Parlons-en de ces détaillants. Avec fierté l’organisateur a annoncé qu’il a par exemple invité les propriétaires des dix-sept civettes les plus importantes d’Afrique du Sud. Ouais. D’après mes sources, les commerçants invités ne devraient payer ni voyage, ni hôtel. Généreux que vous me dites. Pas vraiment, puisque les tarifs élevés des stands serviraient entre autres à récupérer l’argent dépensé pour soigner les commerçants aux petits oignons. De là d’ailleurs le prix exorbitant que doivent cracher les producteurs industriels pour un stand : 5200 euros. A titre de comparaison, je tiens à mentionner le prix d’un stand au RTDA show, la foire la plus importante d’Amérique pour professionnels du tabac : $1600, soit €1275. Pas gêné. Mais l’organisateur emploie toujours le même argument : en invitant ces détaillants, il offre aux gros canons de la pipe industrielle la possibilité de faire affaires. D’accord. Ceci dit, je me demande si la foire d’Issy-les-Moulineaux, quatre fois plus onéreuse que le RTDA show, offrira aux exposants quatre fois plus d’occasions de signer des contrats que la foire américaine. Franchement, ça m’étonnerait vu qu’au dernier show de la RTDA, il y avait exactement 1148 stands !

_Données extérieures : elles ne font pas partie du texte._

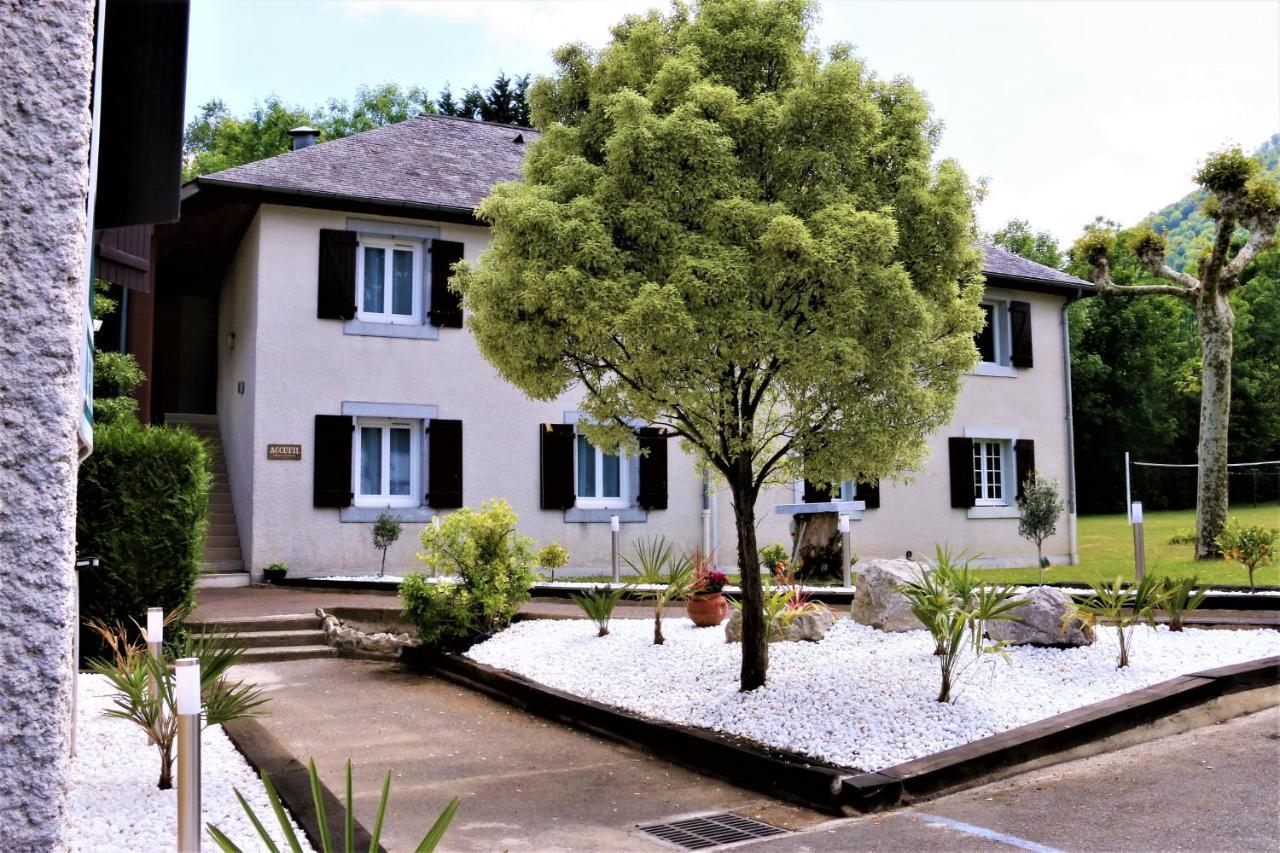 Auberge De La Vallee D'Ossau Izest Exterior photo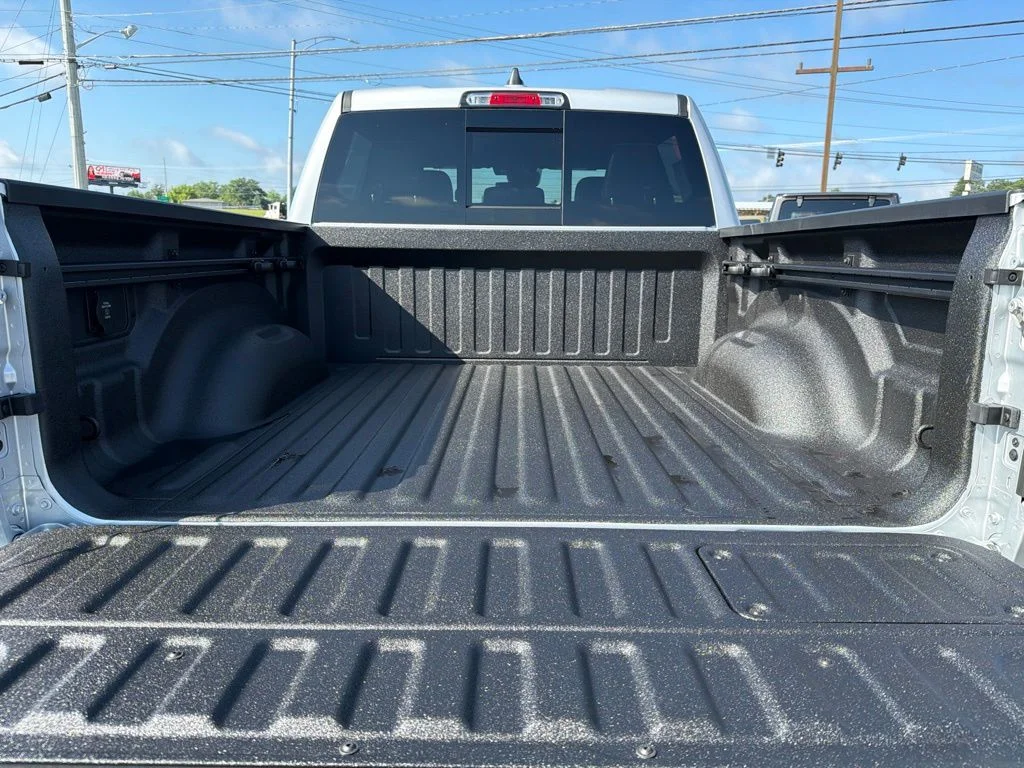 New 2026 Silver Zynith Exterior Paint RAM Laramie image 10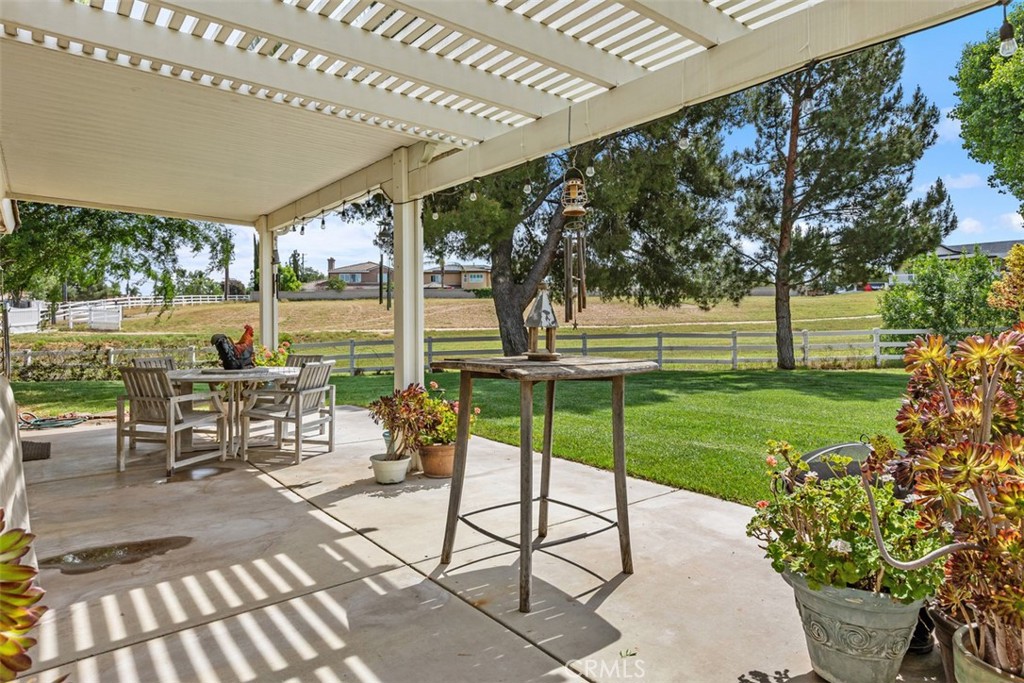 https://media.crmls.org/medias/215b921f-c6fe-4d01-b84c-37c414a43724.jpg?preset=X-Large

En tout cas, il est évident que pour la Revue des Tabacs, une publication qui s’adresse exclusivement aux professionnels de la branche, ce ne sont pas les artisans pipiers qui constituent la base d’un pipe show, mais les commerçants. En vérité, le Mondial de la pipe n’est donc pas un pipe show à proprement parler, mais une foire où les fabricants viennent faire la cour aux commerçants. J’entends d’ailleurs chuchoter que ces fabricants seraient des amants plutôt froids. Ce n’est pas de gaieté de cœur qu’ils se séparent de leurs 5200 euros. Mais que voulez-vous ? Ils ne peuvent pas se permettre d’être absents.

Et vous et moi alors dans cette histoire ? Ben nous pouvons payer l’entrée pour voir les pipes des gros producteurs. Bien sûr que nous pourrons y découvrir leurs derniers modèles, mais fondamentalement nous y verrons à une échelle surdimensionnée ce que nous pouvons acheter dans des civettes traditionnelles. Mais pour rencontrer enfin ces artisans dont les pipes vous font rêver depuis tout ce temps, il faudra vraisemblablement attendre la prochaine édition du show à Cuxhaven. Du moins, c’est ce que me disent les pipiers avec qui je me suis entretenu de la foire.

Quoi qu’il en soit, à quelques mois de son ouverture, le Mondial de la pipe semble s’orienter vers une foire axée sur les professionnels. En tant que véritable pipe show à l’instar des shows américains, le World pipe semble un enfant mort-né. Une occasion ratée.